▸ **What the exercise asks**: As you print the data below, keep every line exactly as it is and leave the images behind.

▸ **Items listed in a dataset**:
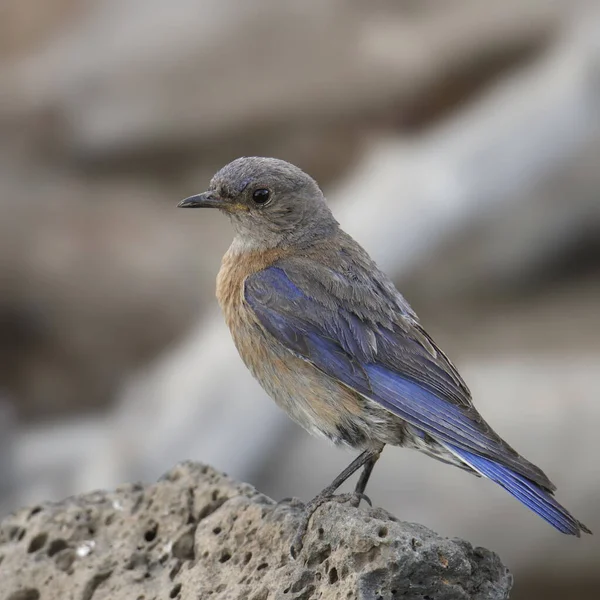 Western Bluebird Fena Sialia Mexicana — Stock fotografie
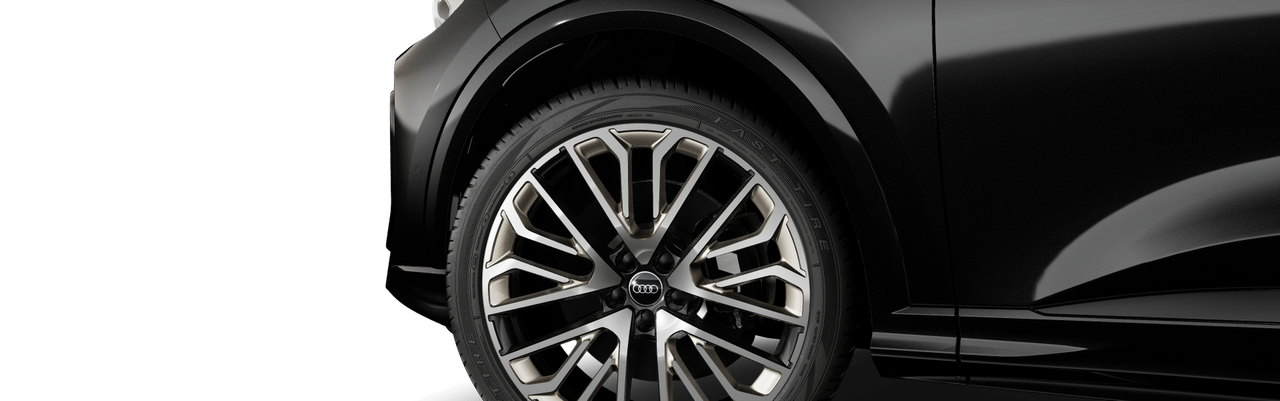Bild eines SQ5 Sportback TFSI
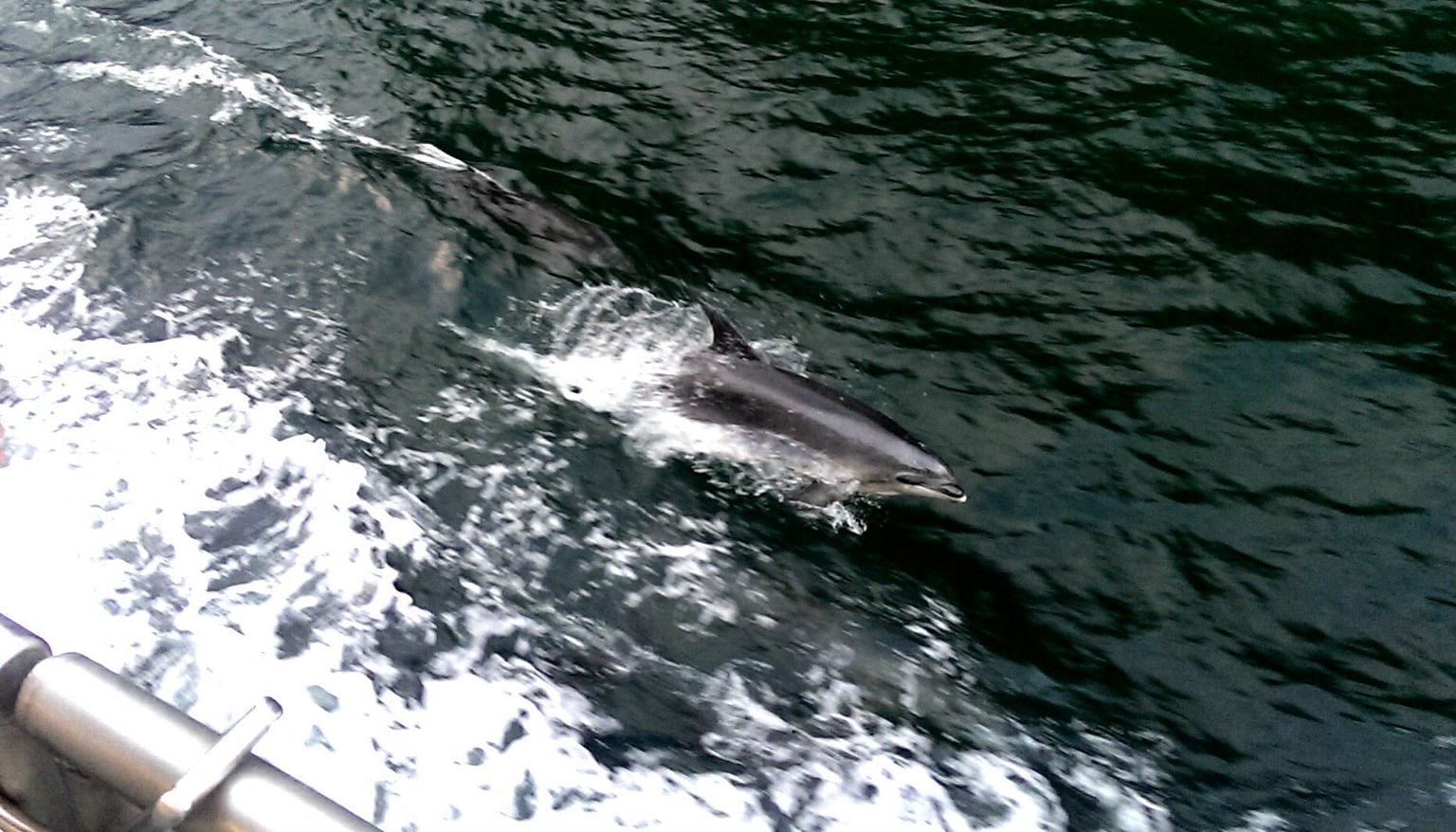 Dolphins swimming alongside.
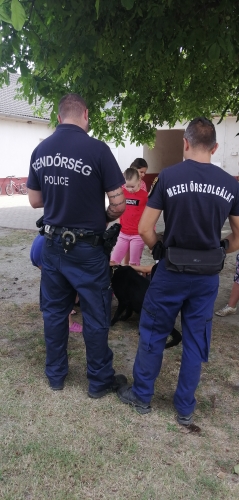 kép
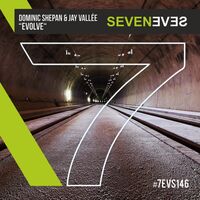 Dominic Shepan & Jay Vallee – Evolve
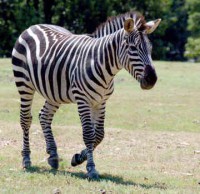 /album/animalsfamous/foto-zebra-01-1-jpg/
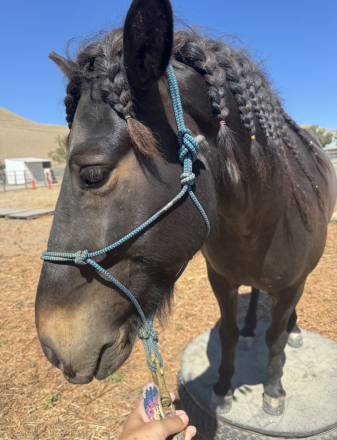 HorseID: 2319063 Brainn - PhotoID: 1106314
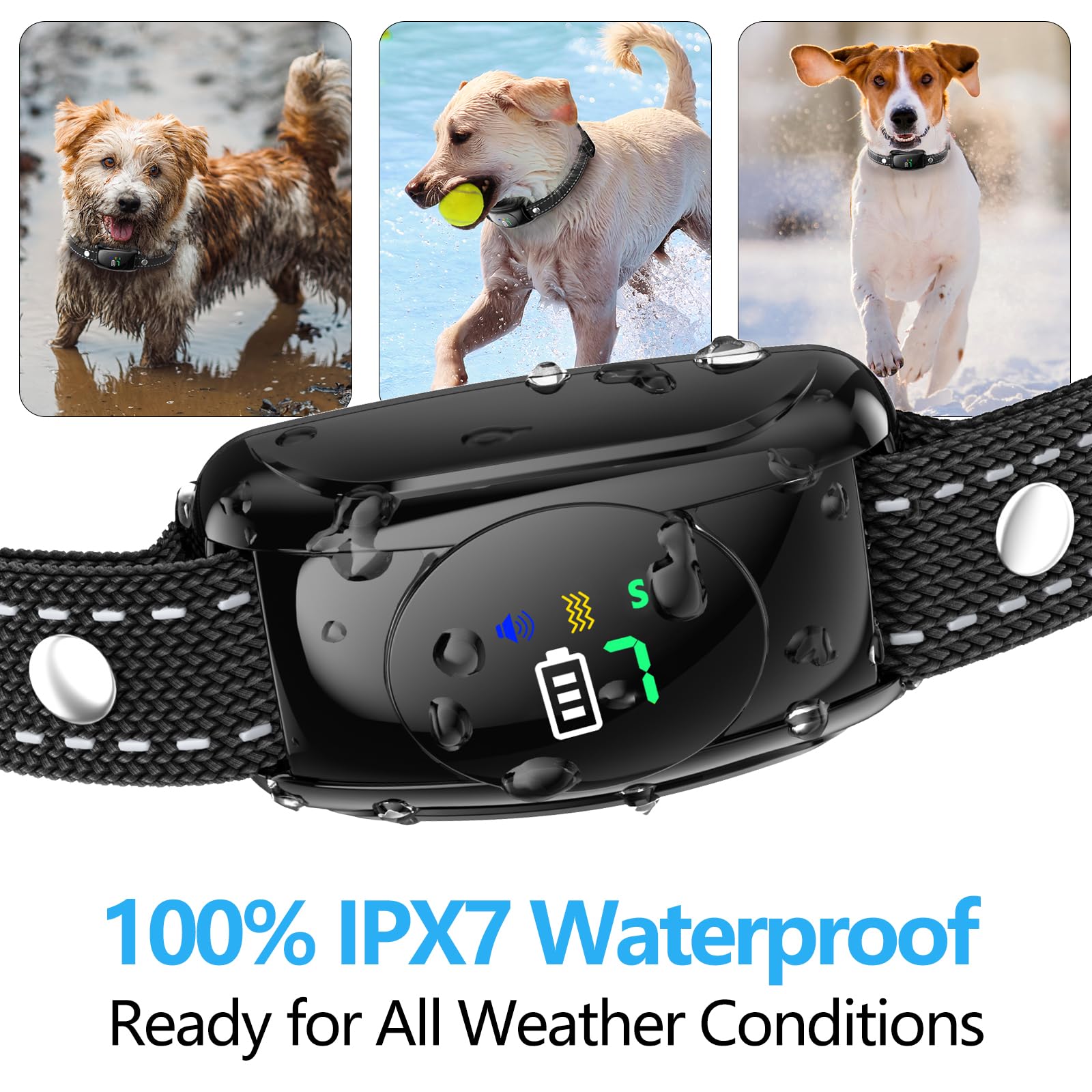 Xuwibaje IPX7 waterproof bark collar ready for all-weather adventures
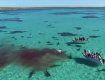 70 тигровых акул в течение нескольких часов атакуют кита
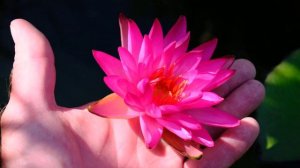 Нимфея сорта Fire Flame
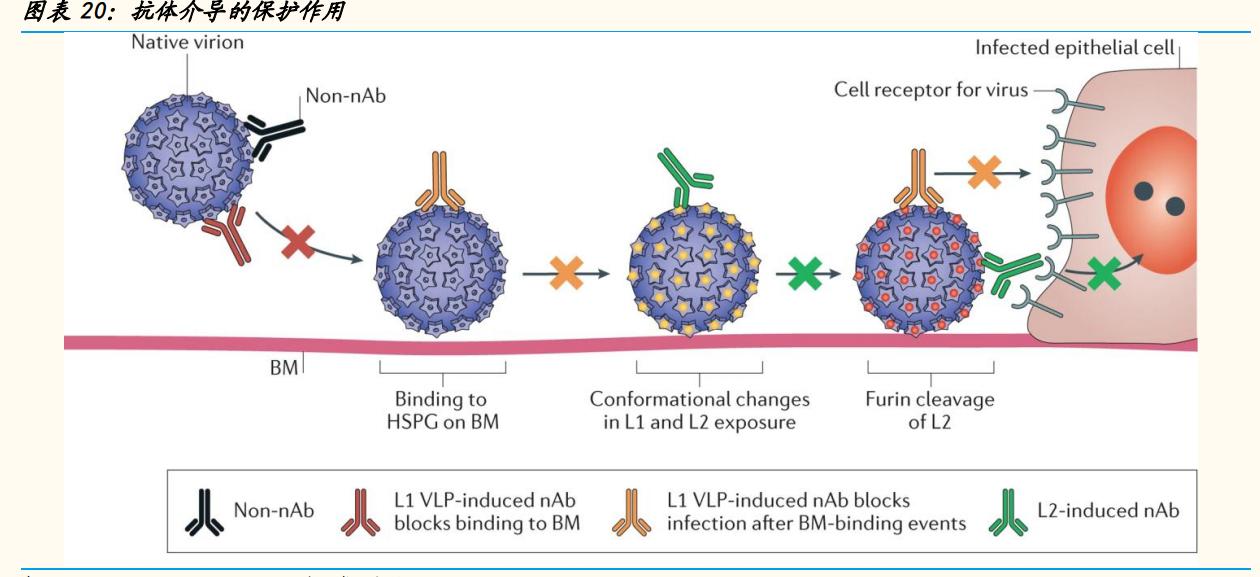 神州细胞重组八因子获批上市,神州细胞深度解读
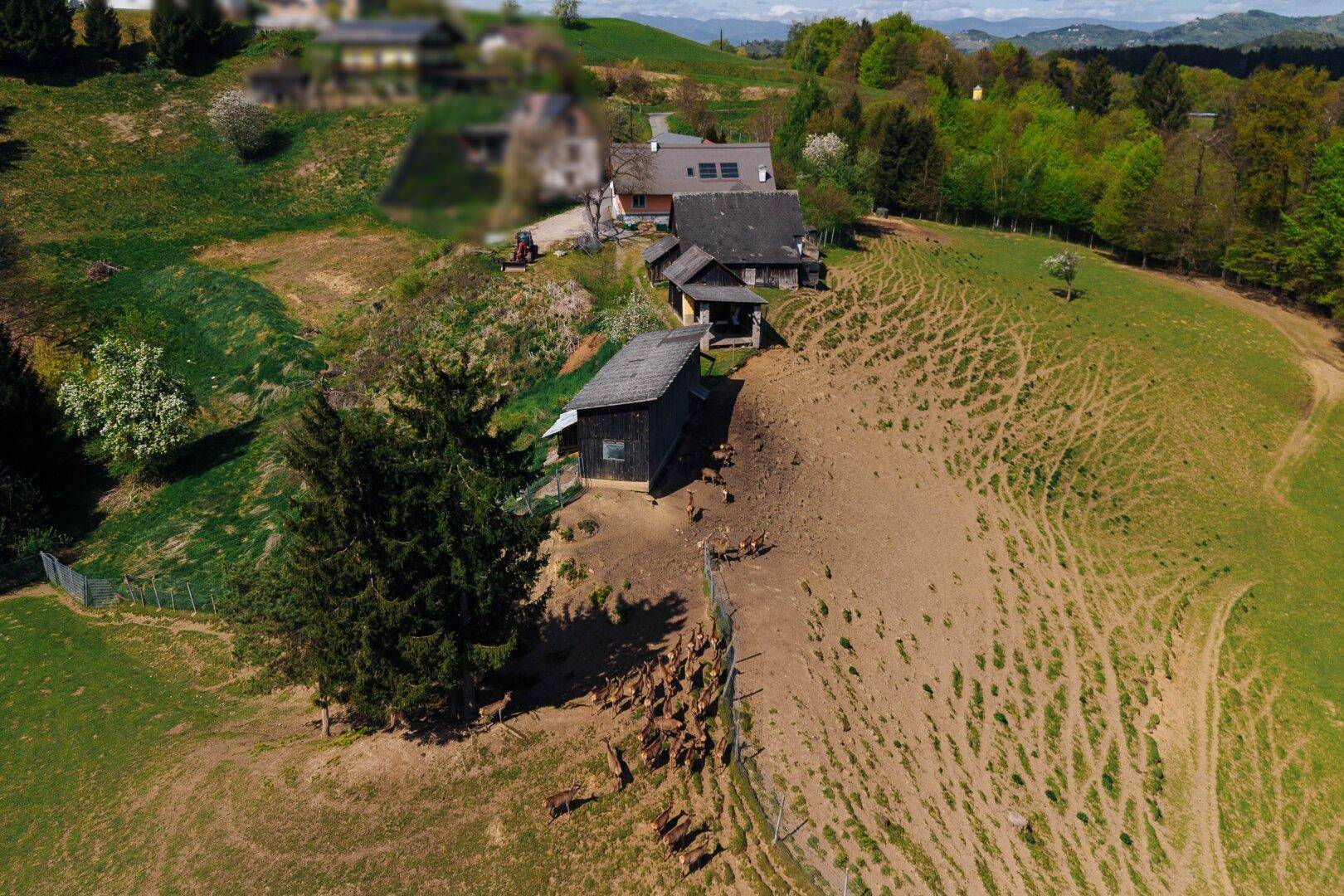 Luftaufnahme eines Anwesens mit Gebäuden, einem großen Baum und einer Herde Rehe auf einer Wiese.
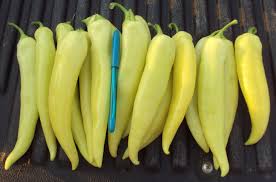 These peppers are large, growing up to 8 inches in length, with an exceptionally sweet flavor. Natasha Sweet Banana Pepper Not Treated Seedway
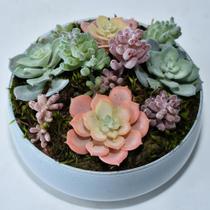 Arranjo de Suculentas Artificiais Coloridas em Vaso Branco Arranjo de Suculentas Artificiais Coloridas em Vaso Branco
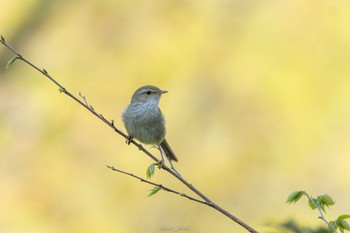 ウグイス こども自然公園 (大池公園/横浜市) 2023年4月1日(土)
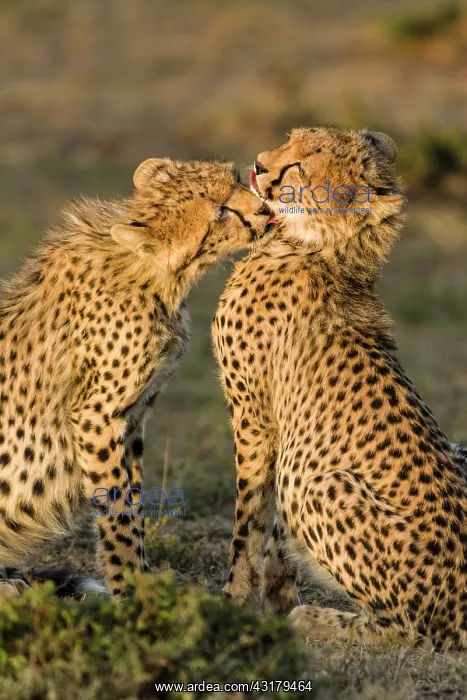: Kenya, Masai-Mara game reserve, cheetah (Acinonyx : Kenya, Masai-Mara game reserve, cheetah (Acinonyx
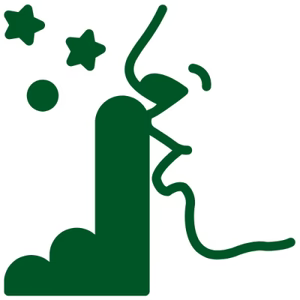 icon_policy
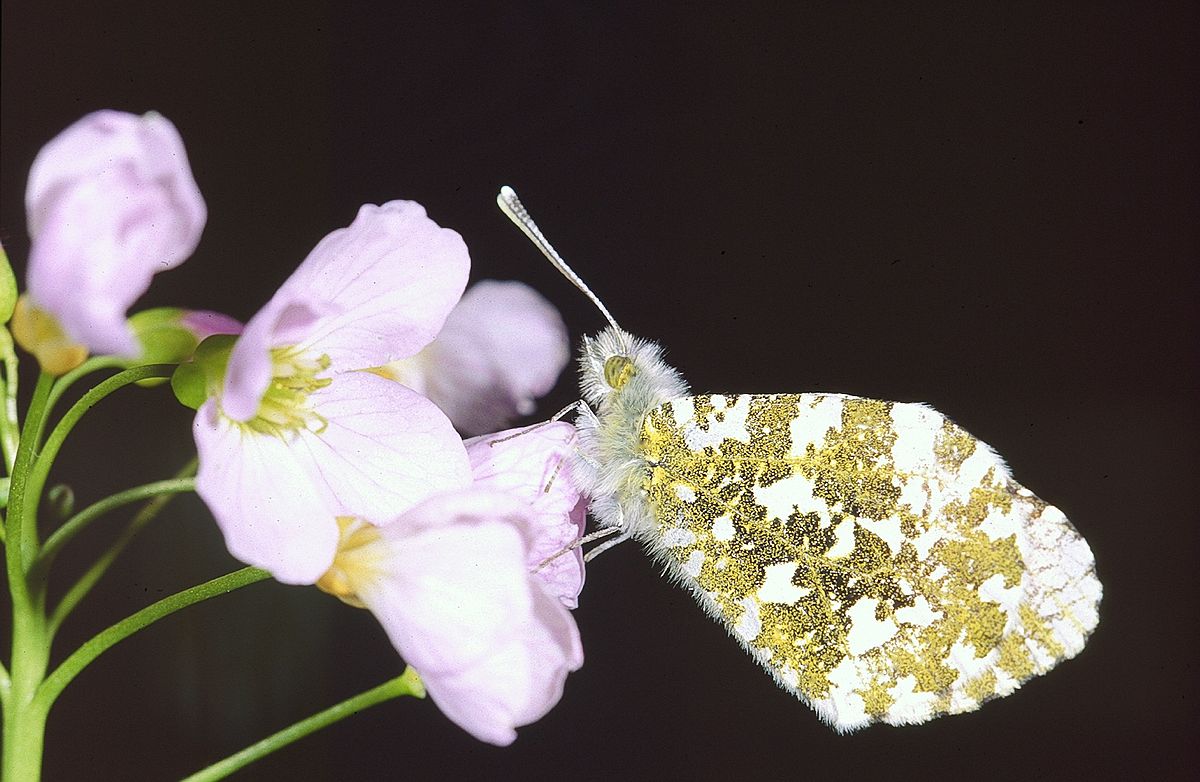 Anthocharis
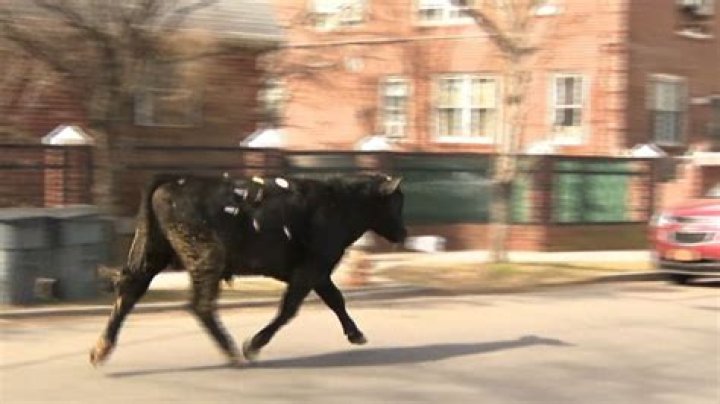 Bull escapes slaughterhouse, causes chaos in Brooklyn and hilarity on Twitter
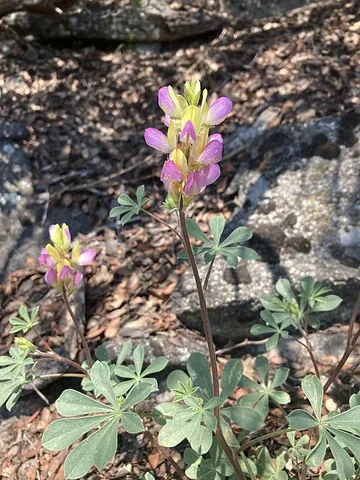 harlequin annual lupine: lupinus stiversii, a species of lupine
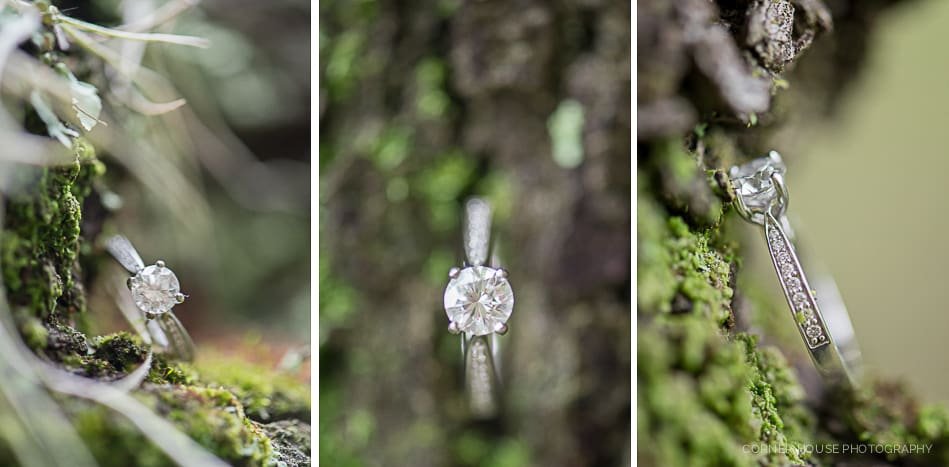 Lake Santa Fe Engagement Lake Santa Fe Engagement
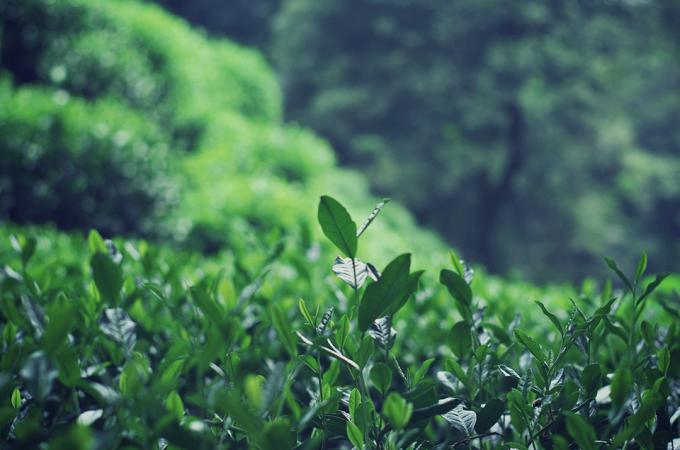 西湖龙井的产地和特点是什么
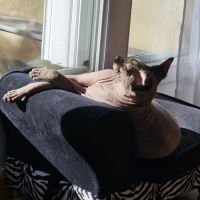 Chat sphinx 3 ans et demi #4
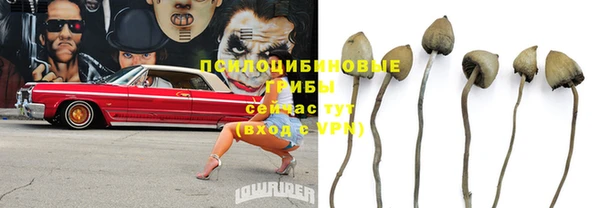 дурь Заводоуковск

▸ **Task result**:
 Western Bluebird Fena Sialia Mexicana — Stock fotografie
Bild eines SQ5 Sportback TFSI
 Dolphins swimming alongside.
 kép
 Dominic Shepan & Jay Vallee – Evolve
 /album/animalsfamous/foto-zebra-01-1-jpg/
 HorseID: 2319063 Brainn - PhotoID: 1106314
 Xuwibaje IPX7 waterproof bark collar ready for all-weather adventures
 70 тигровых акул в течение нескольких часов атакуют кита
 Нимфея сорта Fire Flame
 神州细胞重组八因子获批上市,神州细胞深度解读
 Luftaufnahme eines Anwesens mit Gebäuden, einem großen Baum und einer Herde Rehe auf einer Wiese.
 These peppers are large, growing up to 8 inches in length, with an exceptionally sweet flavor. Natasha Sweet Banana Pepper Not Treated Seedway
 Arranjo de Suculentas Artificiais Coloridas em Vaso Branco Arranjo de Suculentas Artificiais Coloridas em Vaso Branco
 ウグイス こども自然公園 (大池公園/横浜市) 2023年4月1日(土)
: Kenya, Masai-Mara game reserve, cheetah (Acinonyx : Kenya, Masai-Mara game reserve, cheetah (Acinonyx
 icon_policy
 Anthocharis
 Bull escapes slaughterhouse, causes chaos in Brooklyn and hilarity on Twitter
 harlequin annual lupine: lupinus stiversii, a species of lupine
 Lake Santa Fe Engagement Lake Santa Fe Engagement
 西湖龙井的产地和特点是什么
 Chat sphinx 3 ans et demi #4
 дурь Заводоуковск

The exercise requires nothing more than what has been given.